I was reading this question about a soft bullet thereby getting inspired to think of how to deliver a fake insect sting. I want it to leave as little bruises as possible, to resemble a sting and nothing to remain in the wound. Ideally, it would look like someone was stung by an insect. That would be the advantage to just shooting a needle.
When I drive in a car and the car decelerates, I continue flying forward, unless I wear my seatbelt. Suppose I have a very soft bullet filled with one or several needles facing in (exactly or nearly) forward direction, loosely tied to the back of the bullet. Could the needles upon impact continue moving in the direction of motion, slightly come out of the squeezed bullet and deliver a fake insect sting? The idea is that after the sting the soft bullet falls off, pulling the much lighter needle out of the wound.
Probably the terrible aerodynamics of a soft projectile would not permit long ranges. But perhaps it's enough if the tip is soft.

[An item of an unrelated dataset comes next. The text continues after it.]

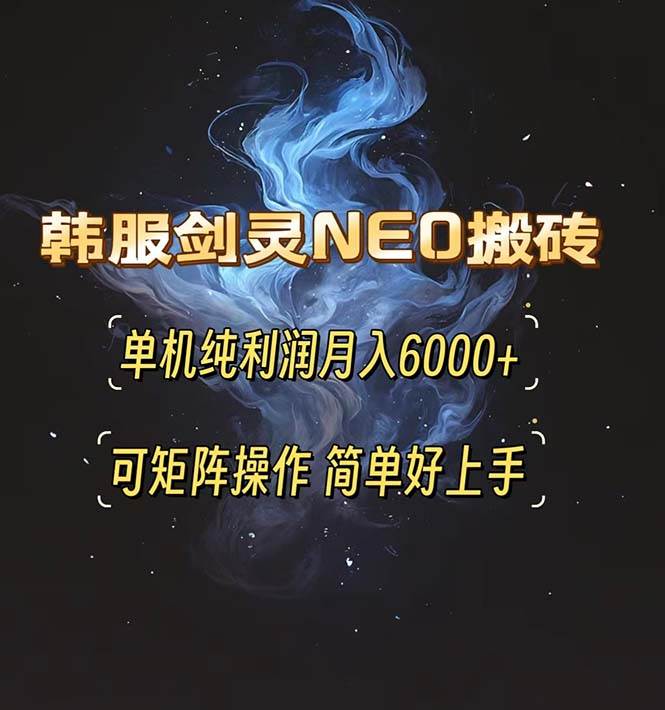 （13435期）韩服剑灵NEO搬砖攻略，单机纯利润月入6000+ 可矩阵操作，简单好上手。-吾藏分享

How thin a needle would be theoretically possible, if I had very hard materials available? Obviously only very thin needles can leave stings delicate enough to be mistaken for the doing of insects.

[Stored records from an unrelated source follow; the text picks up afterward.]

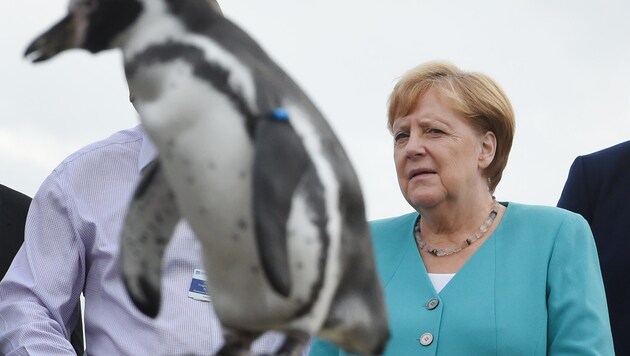 Merkel besuchte auch das Ozeaneum in der Hansestadt Stralsund (Bild: AFP)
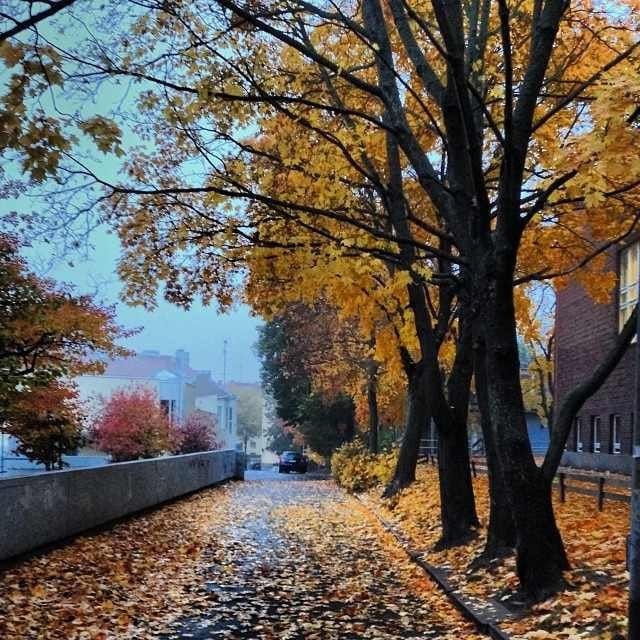 Kuva: Thomas Nybergh (http://instagram.com/p/fNlgzuLlVu/)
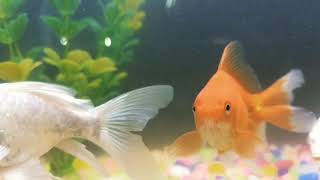 Fish slow motion movements [upl. by Hyacinthia]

To provide for more inertia, the tip of the needle could be very fine, while the body could be somewhat thicker. It would still have to be light compared to the bullet. Furthermore, I suspect it would have to be fine tuned to a very narrow distance range.
Let's first not focus on tricking experts! Whether it works is the main question. Imagine a world where poisonous insects sometimes occur. A man is killed using the correct venom. At worst it will take time before anyone looks at the sting with great detail.